Data extract:
* * *
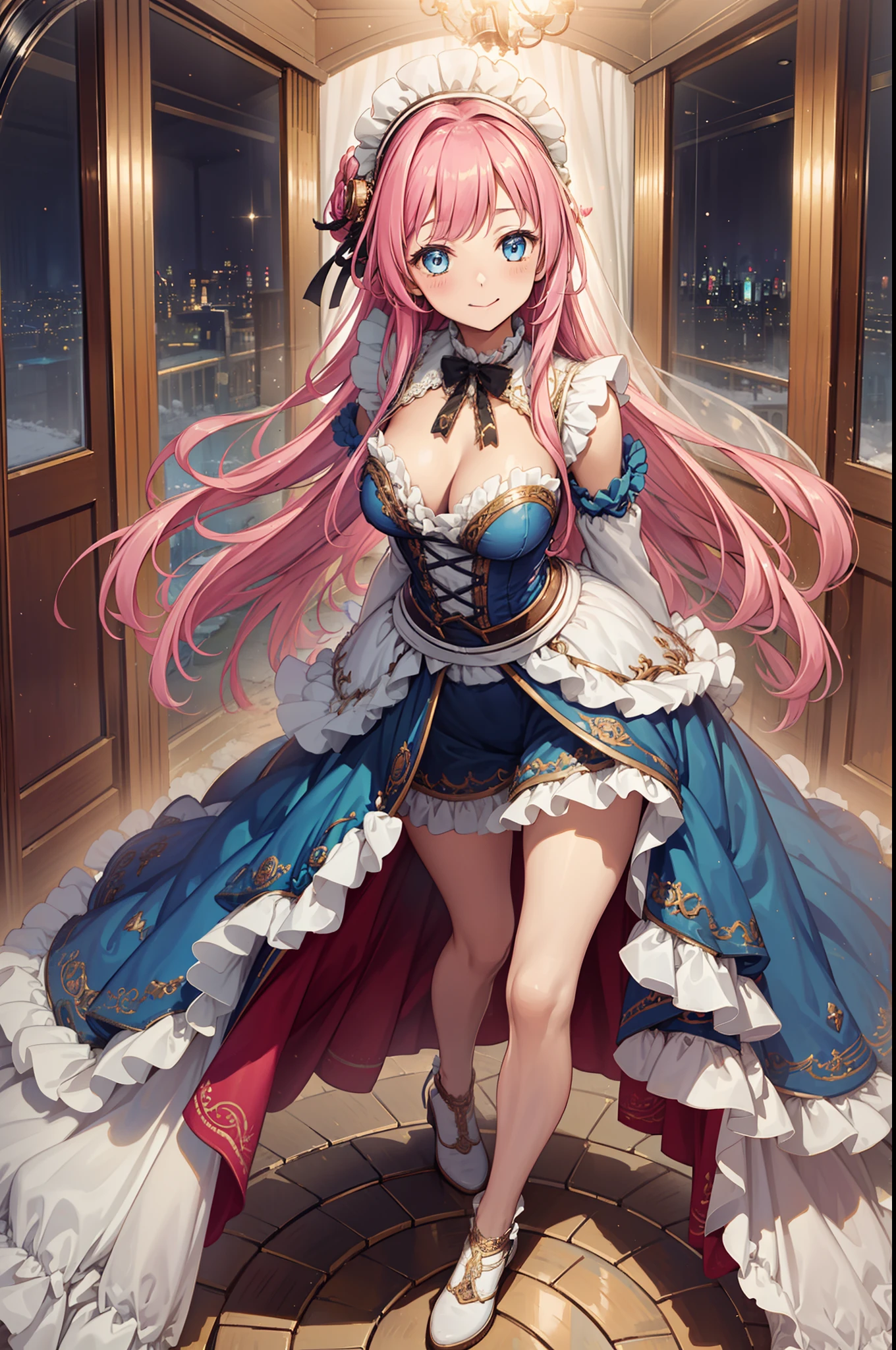 s girl,Enchanted,Divine happiness,Being in love,(Light Victorian dress:1.2),Pink hair,eBlue eyes,Fabric headdress,Multiple layers of delicate ruffles,Lots of lace,gently smiling,the night,solo person,Fluttering skirt,Maid characteristics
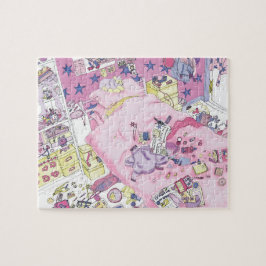 Funny Teenager Girls Messy Bedroom Rosa Art Pussel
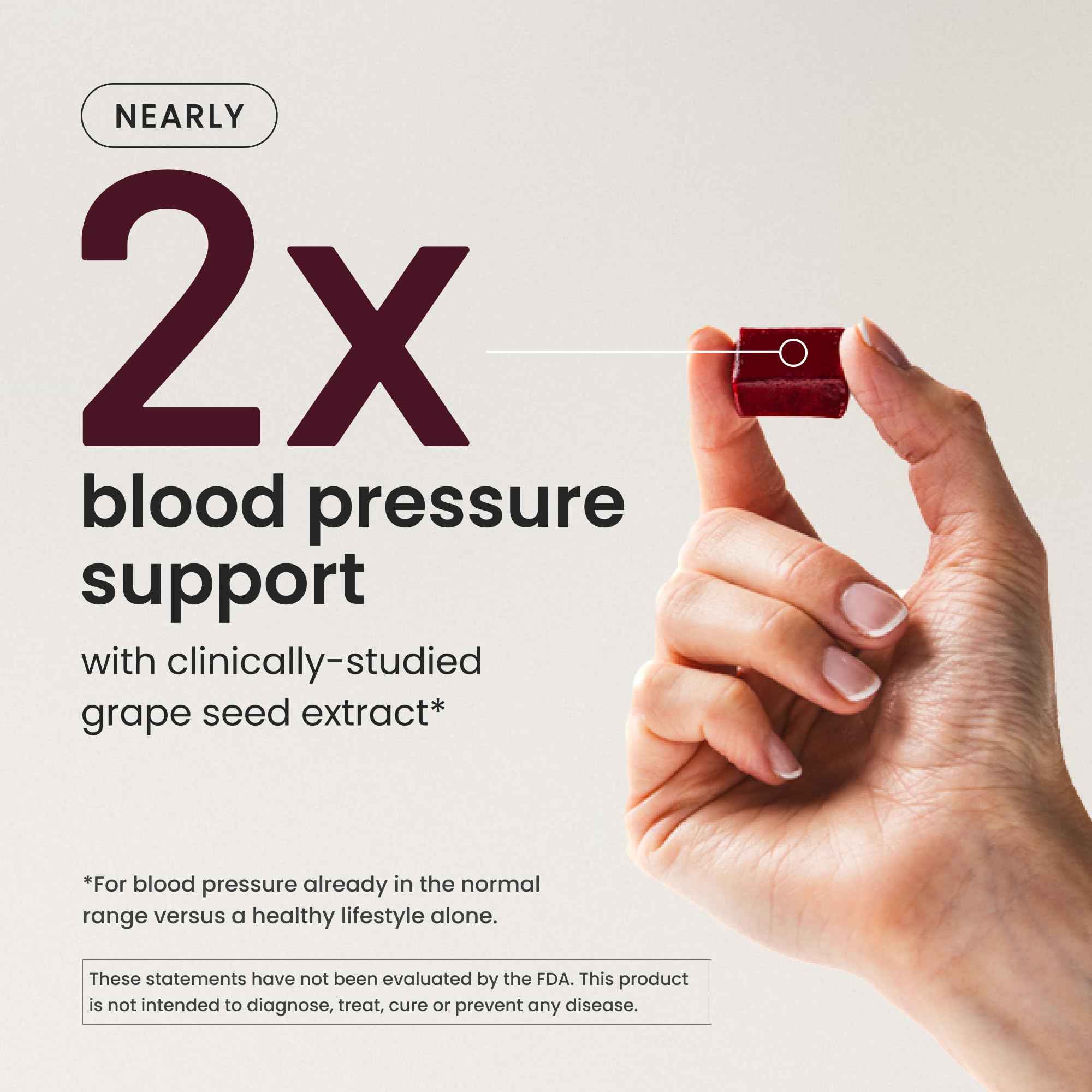 Humann SuperBeets Heart Chews, Nitric Oxide and Blood Pressure Support, Grape Seed Extract & Non-GMO Beet Root Powder Energy, Pomegranate Berry Flavor, 120 Count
* * *
What this task involves:
Only the lines from the one containing "Funny Teenager Girls" through the final line of the data are to be written out, exactly as they stand and without pictures.

Solution to this task:
 Funny Teenager Girls Messy Bedroom Rosa Art Pussel
 Humann SuperBeets Heart Chews, Nitric Oxide and Blood Pressure Support, Grape Seed Extract & Non-GMO Beet Root Powder Energy, Pomegranate Berry Flavor, 120 Count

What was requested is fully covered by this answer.